Find #int \ (sin2x+1)/(1-sin2x) \ dx #?

1 Answer
Oct 5, 2017

# int \ (sin2x+1)/(1-sin2x) \ dx = - x -2/(tanx-1) + C #

Explanation:

We seek:

# I = int \ (sin2x+1)/(1-sin2x) \ dx #

We can write this as:

# I = int \ (1+sin2x)/(1-sin2x) \ dx #

# \ \ \ = -int \ (-1-sin2x)/(1-sin2x) \ dx #

# \ \ \ = -int \ (1-sin2x-2)/(1-sin2x) \ dx #

# \ \ \ = -int \ 1 -2/(1-sin2x) \ dx #

# \ \ \ = - int \ dx + 2 \ int 1/(1-sin2x) \ dx # ..... [A]

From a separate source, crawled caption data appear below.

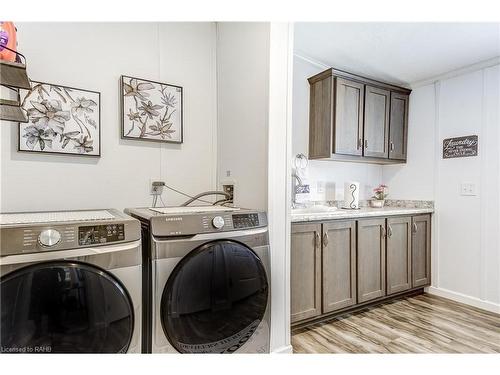 17 Silver Aspen Drive, Nanticoke, ON - Indoor Photo Showing Laundry Room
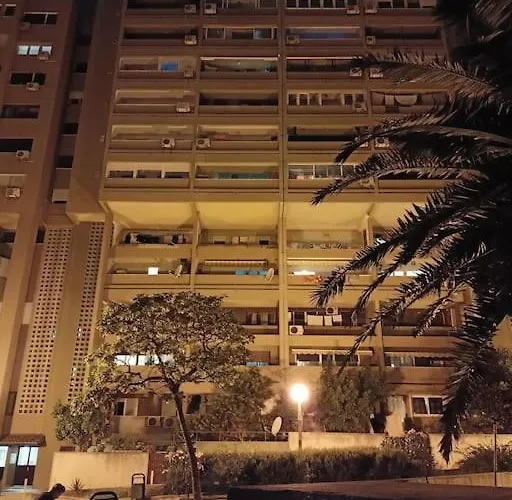 Eurit Shown In Detail *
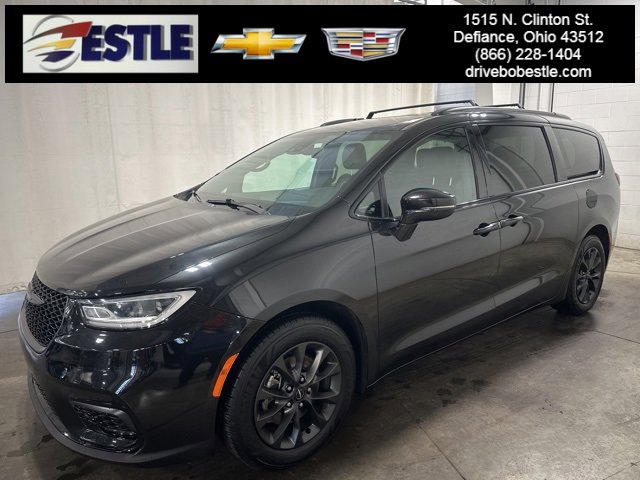 2021 Chrysler Pacifica Touring L's photo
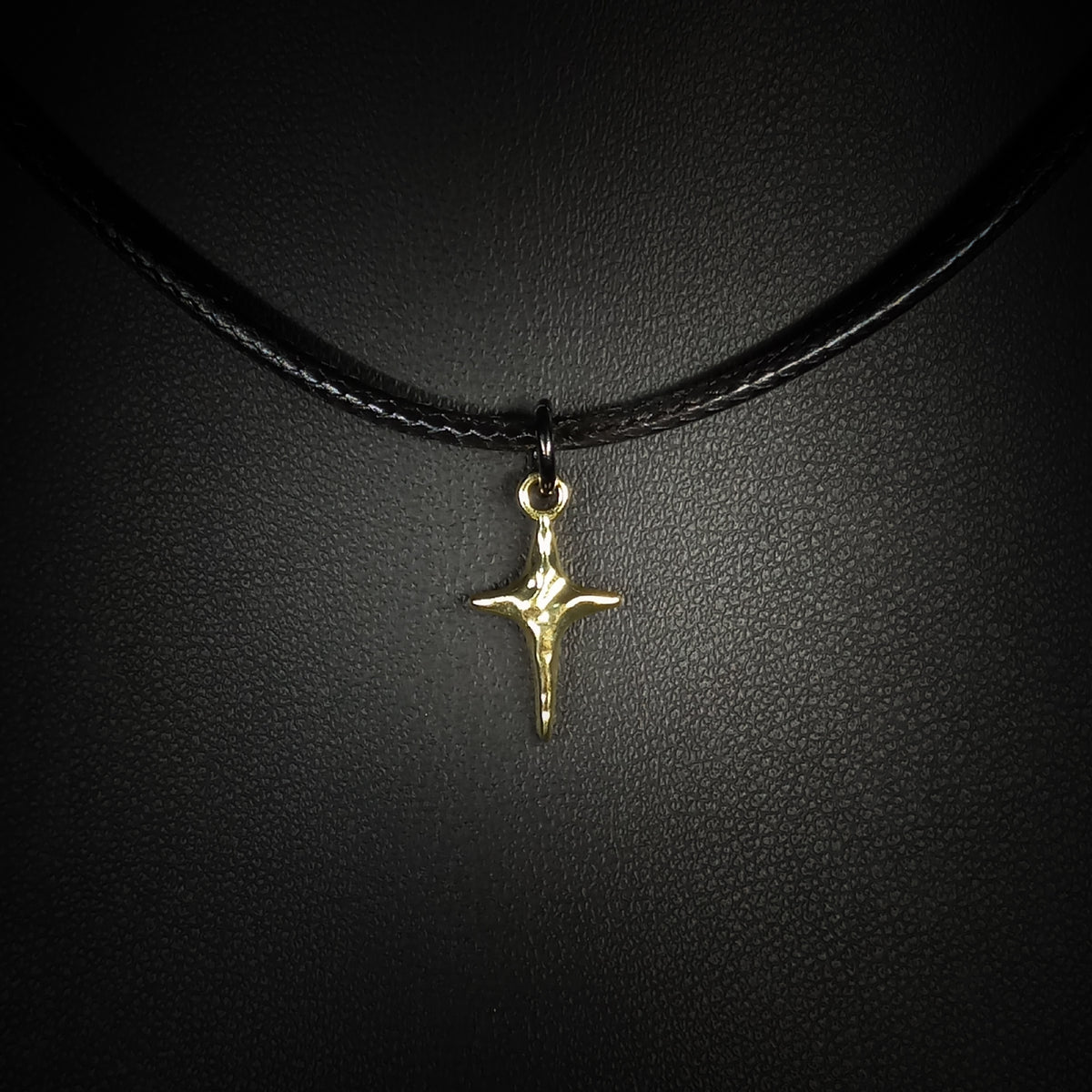 Collier Croix Dorée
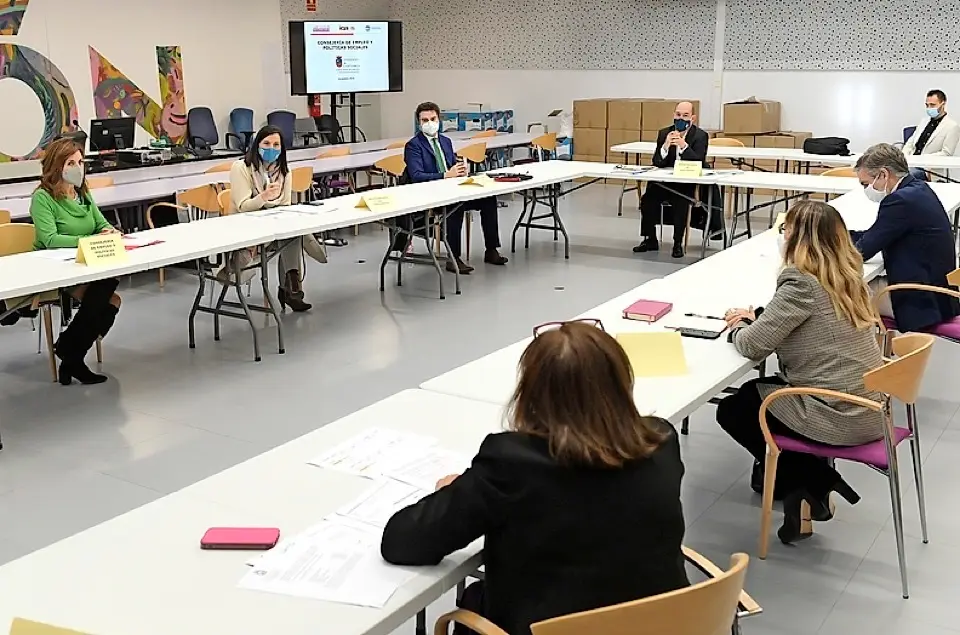 Ana Bel&eacute;n &Aacute;lvarez y Gema Igual junto a otros participantes en la reuni&oacute;n. / ALERTA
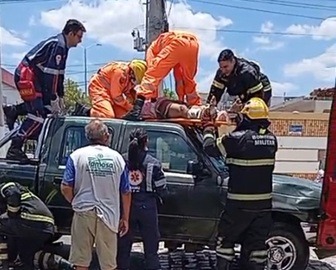 VÍDEO: Motociclista vai parar em cima de carro após colisão em Mossoró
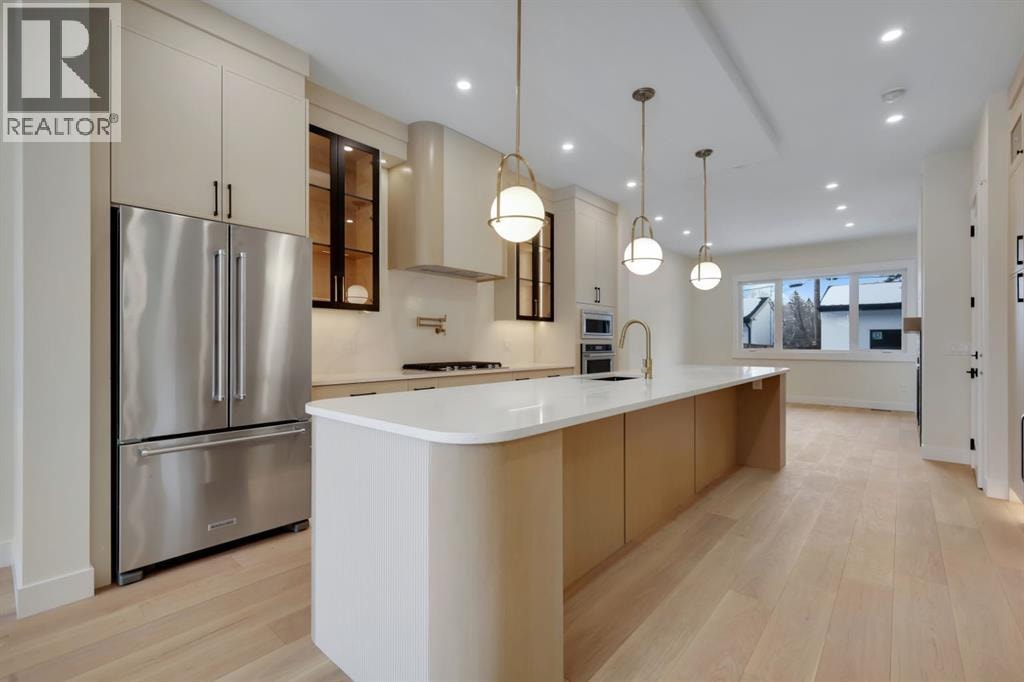 1634 21 Avenue NW — photo 3
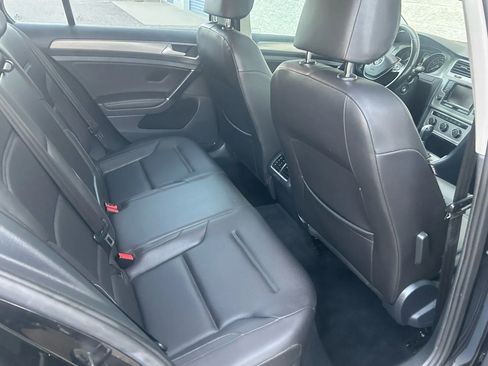 Used 2015 Volkswagen Golf TDI SE image 17
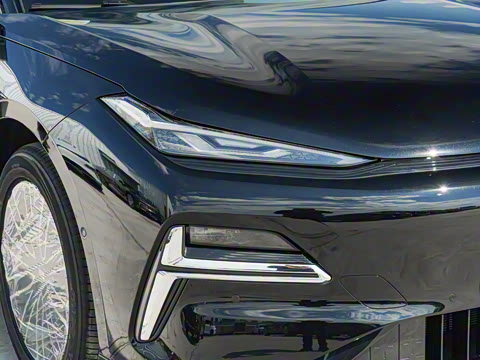 2025�� 60km EM-i ������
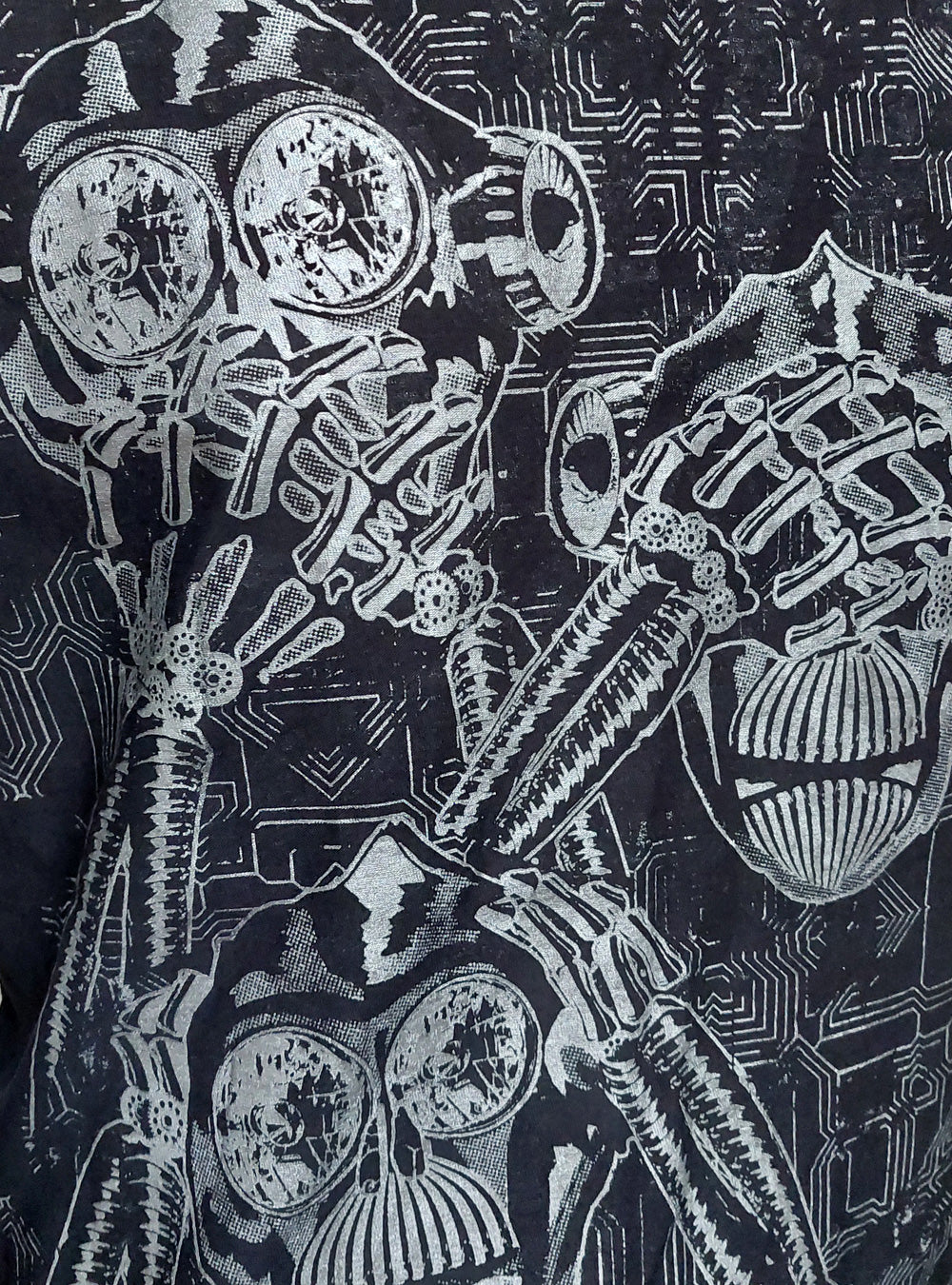 cyber-apes-silver-on-black-shirt-women-detail | HybridPunkBerlin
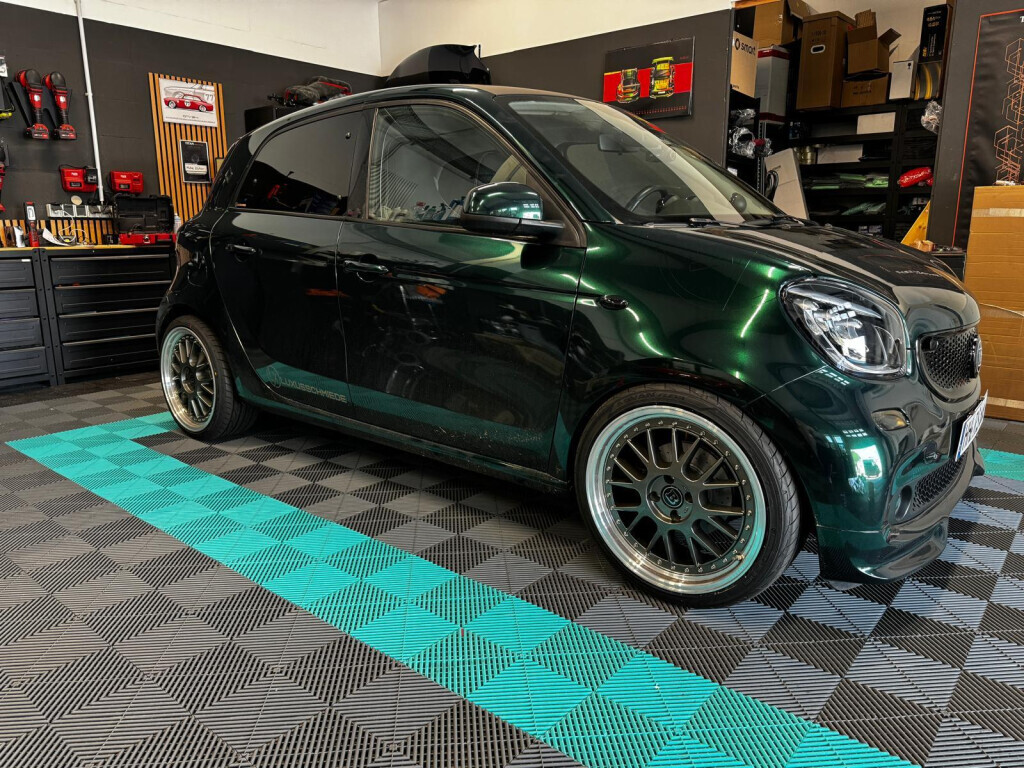 Bilder Luxusschmiede Automotive GmbH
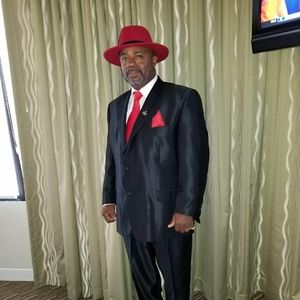 Meet your Posher, Myron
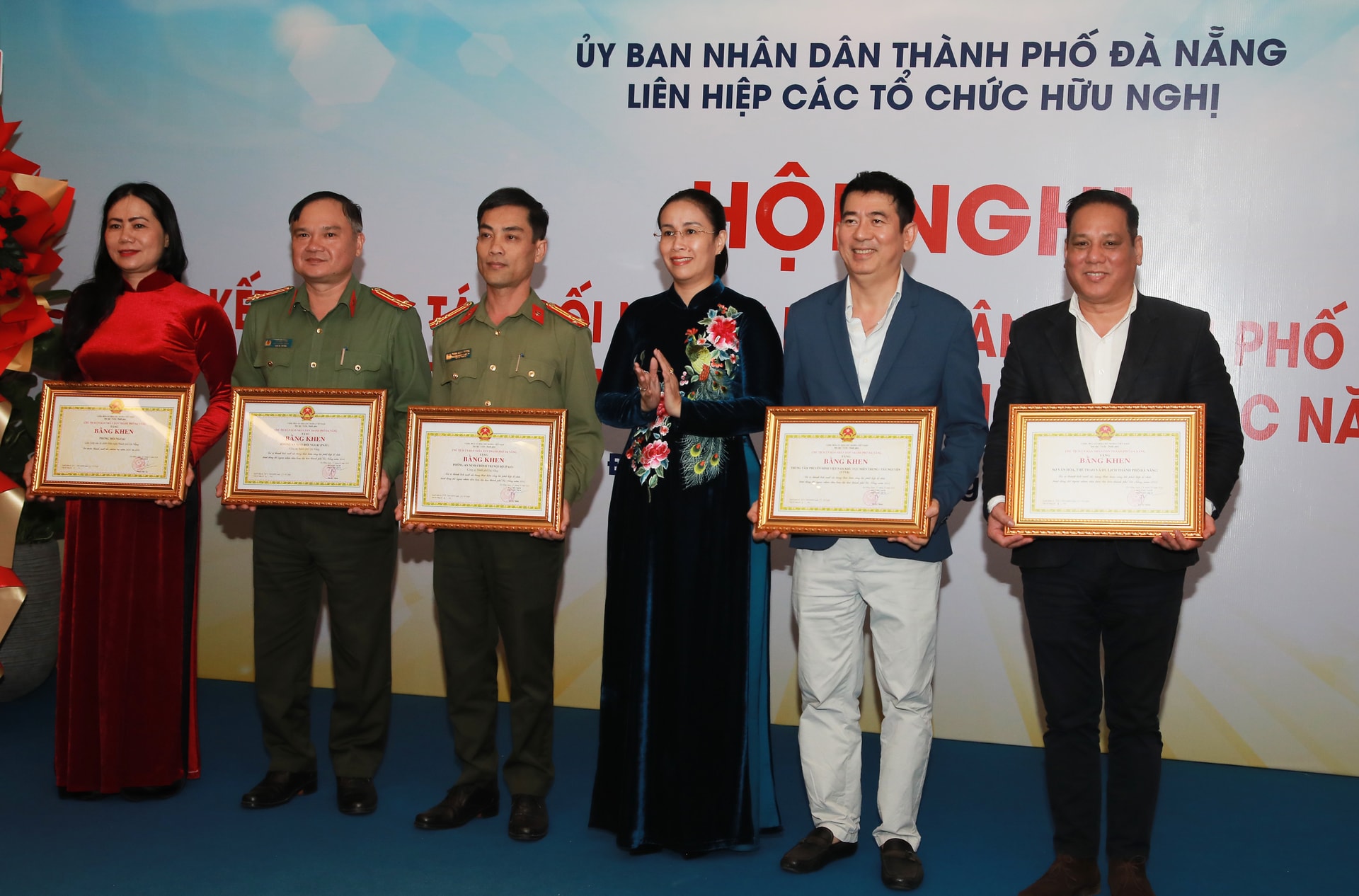 Phó Chủ tịch UBND thành phố Nguyễn Thị Anh Thi (thứ 3 từ phải qua) trao bằng khen của Chủ tịch UBND thành phố cho các tập thể có thành tích xuất sắc. Ảnh: ĐẮC MẠNH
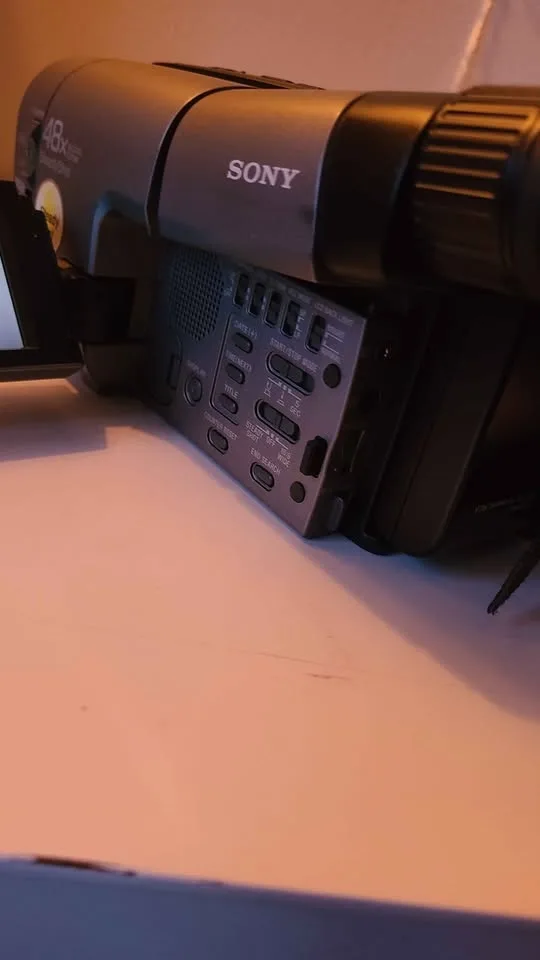 Sony Handycam CCD-TRV21 Video8 Camcorder - Tested & Working image indicator(9)
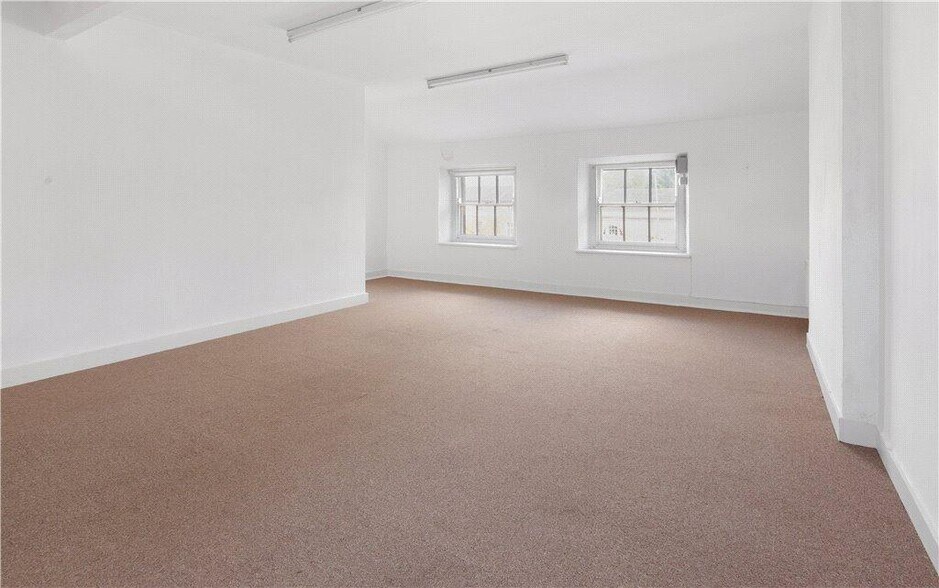 2 High St, Moreton In Marsh à louer - Photo de l’immeuble – Image 2 sur 7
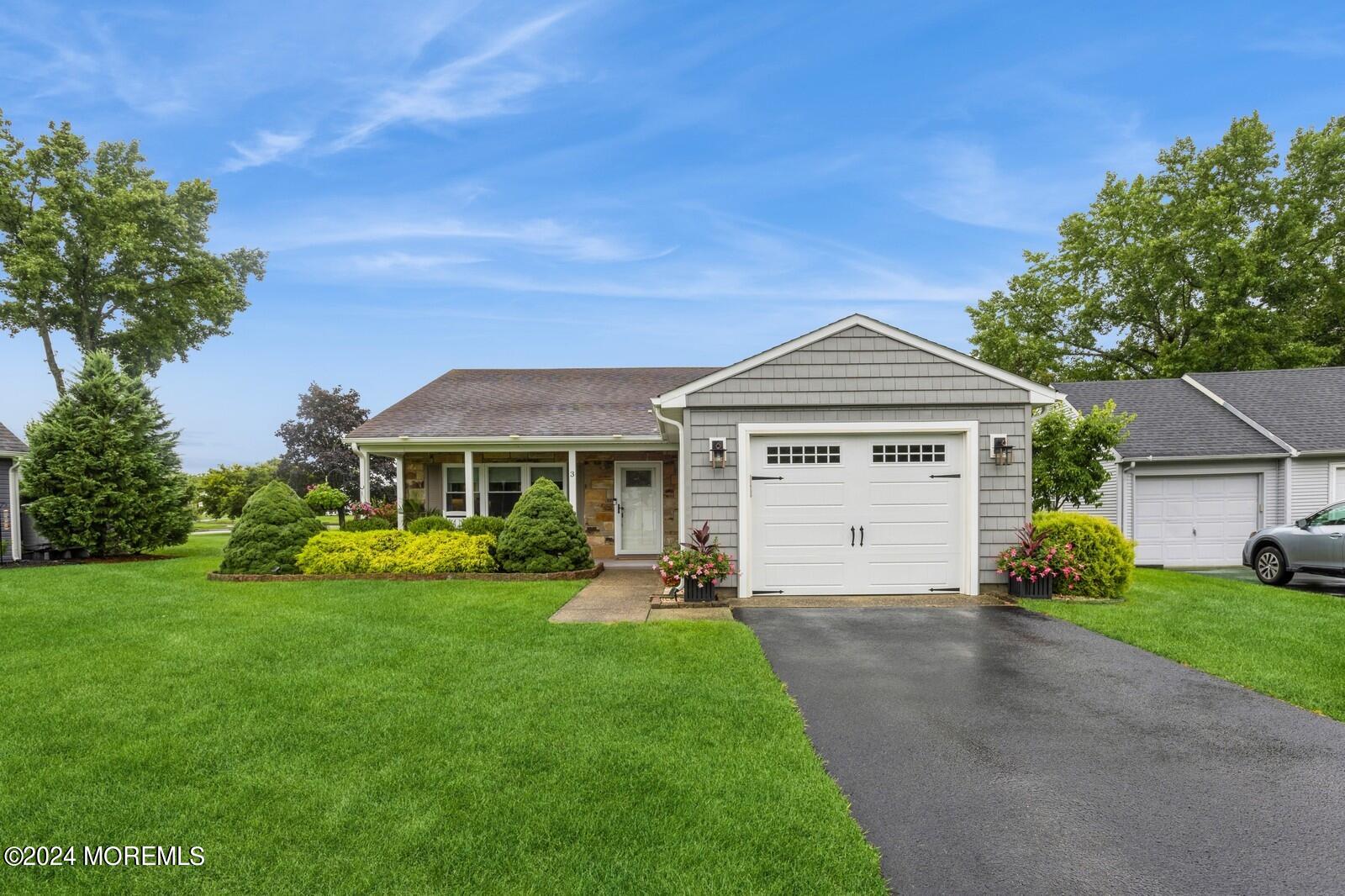 Esher Ct, Manchester, NJ 08759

The first integral is standard, and for the second we have to perform some further analysis:

Using a standard Weierstraß trigonometric identity we have:

# \ \ \ \ \ \ \ sin x = (2tan(x/2))/(1+tan^2(x/2)) #

# :. sin 2x = (2tan(x))/(1+tan^2(x)) = 2tanx/sec^2x #

So, for the second integral, #I_2#, say,we have using this identity:

# I_2 = int \ 1/(1-sin2x) \ dx #

# \ \ \ = int \ 1/(1-2tanx/sec^2x) \ dx #

# \ \ \ = int \ 1/( (sec^2x-2tanx)/sec^2x) \ dx #

# \ \ \ = int \ (sec^2x)/( sec^2x-2tanx) \ dx #

# \ \ \ = int \ (sec^2x)/( tan^2x+1-2tanx) \ dx #

# \ \ \ = int \ (sec^2x)/( tanx-1 )^2 \ dx #

We can now easily integrate this if we perform a substitution:

Let #u= tanx-1 => (du)/dx = sec^2x #

Substituting into #I_2# we have:

# I_2 = int \ 1/u^2 \ du #
# \ \ \ = -1/u #
# \ \ \ = -1/(tanx-1) #

Hence, we can now integrate [A] to get:

# I = - x + 2(-1/(tanx-1)) + C #
# \ \ = - x -2/(tanx-1) + C #